Fakat Allah rahmetini dilediğine seçip ihsan eder.

Allah büyük lütuf sahibidir.

106 – Biz, daha hayırlısını veya benzerini getirmedikçe, herhangi bir âyetin hükmünü neshetmez veya ertelemeyiz.

Allah’ın herşeye kadir olduğunu bilmez misin?  [16, 101; 22,52]

Hem nesheden, hem de neshedilen âyetler, Kur’ân metni olma bakımından eşit değerdedirler. Daha hayırlı olma, o hükmü uygulayanların elde edecekleri sevap yönündendir.

Nesh: Dilde nakil veya izale anlamındadır. Istılahta: “Şariin, şer’î bir hükmü, daha sonraki şer’î bir delille kaldırması” dır. Allah Teâla insanlığı Cahiliye anarşisinden İslâma çıkarırken köprü konumundaki sahâbe neslini eğitmede neshi bir metod olarak kullanmıştır. Geçiş döneminin, muayyen bir vakit için yapılmış bazı istisnalar ihtiva etmesi kaçınılmazdır. Esasen nesh, bir yönü ile, vahyin bölüm bölüm indirilmesinin bir tezahürüdür. Biz insanlara göre değiştirme görünen durum, Allah Teâla bakımından nihaî hükmü beyan etmedir. Ancak bize, ilk hükmün sona ereceği vakit bildirilmediğinden, sınırlı ilmimiz, bu işi yürürlükten kaldırma sanmaktadır. Allah, mahlûkatı yaratmadan önce nâsihi de mensûhu da bilir. Fakat yüce hikmetiyle, mensûh olan ilk hükmün, muayyen bir vakitte sona erecek bir hikmet ve maslahat (işlev) ile sınırlı olduğunu da bilmektedir. Neshe bir misal verelim: Miras paylarındaki nihaî hüküm (4,11-12) gelmeden önce, anne ve baba gibi yakınlara vasiyetle mal bırakma farz kılınmıştı (2,180). Neshin çok az örneği vardır. İtikadî bir konu değil, ilmî bir değerlendirmedir.

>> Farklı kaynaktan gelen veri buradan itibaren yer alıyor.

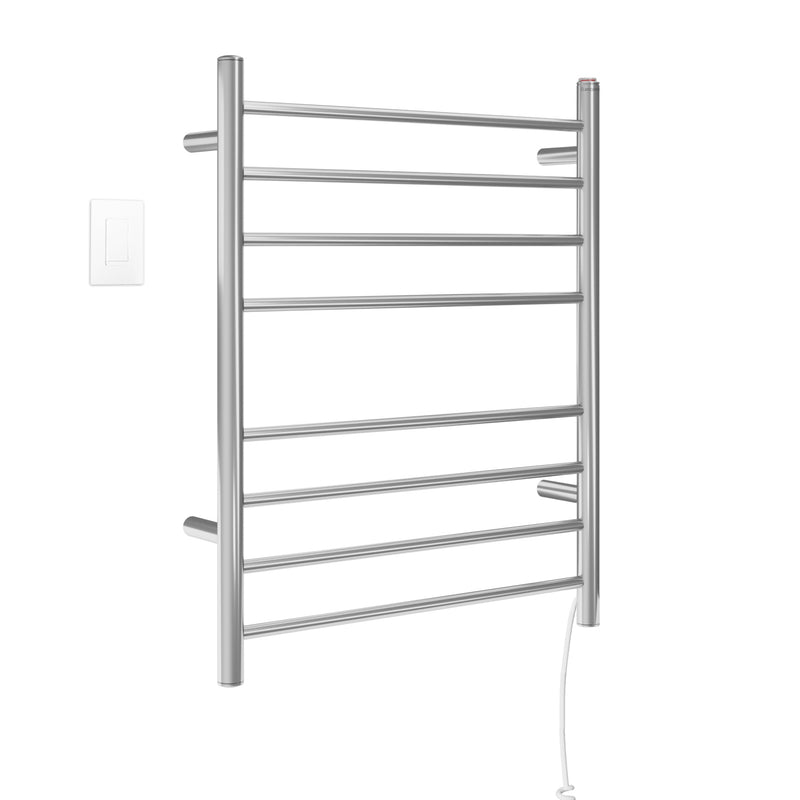 Ancona Prestige Dual 8-Bar Hardwired and Plug-in Towel Warmer in Polished Stainless Steel with WiFi Timer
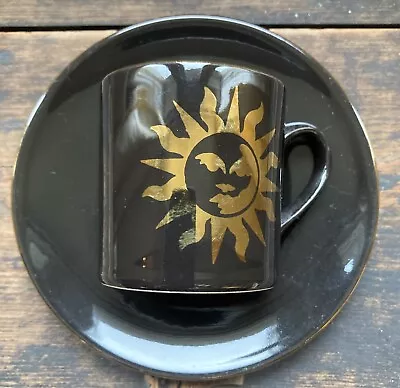 Buy Vintage Hornsea Pottery Espresso Cup And Saucer Black & Gold Sun • 4£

107 – Bilmez misin ki göklerin ve yerin hükümranlığı Allah’ındır.

Sizin O’ndan başka ne bir hâminiz, ne de bir yardımcınız yoktur.

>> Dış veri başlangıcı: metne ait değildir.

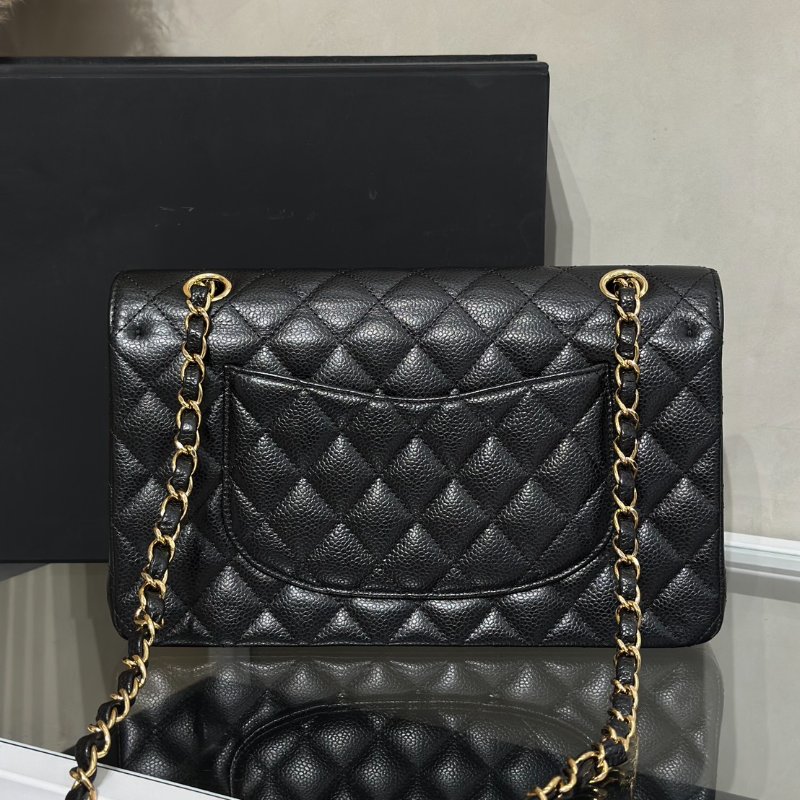 CHANEL 經典口蓋包 CF25 - 粒面牛皮黑金21開-3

108 – Yoksa siz daha önce Mûsâ’dan istendiği gibi Resulünüzden de olur olmaz şeyler istemek, onu sorguya çekmek mi istiyorsunuz?

Kim imana bedel inkârı alırsa, artık doğru yoldan sapmış olur. [4,153]

109 – Sırf nefislerinden ileri gelen bir kıskançlık sebebiyle, Ehl-i kitaptan birçok kimse, gerçek kendilerine ayan beyan belli olduktan sonra, sizi imanınızdan uzaklaştırıp kâfir haline çevirmek isterler.

Allah bu husustaki emrini bildirinceye kadar affedin ve hoşgörün.

Şüphesiz Allah her şeye kadirdir. [3,186]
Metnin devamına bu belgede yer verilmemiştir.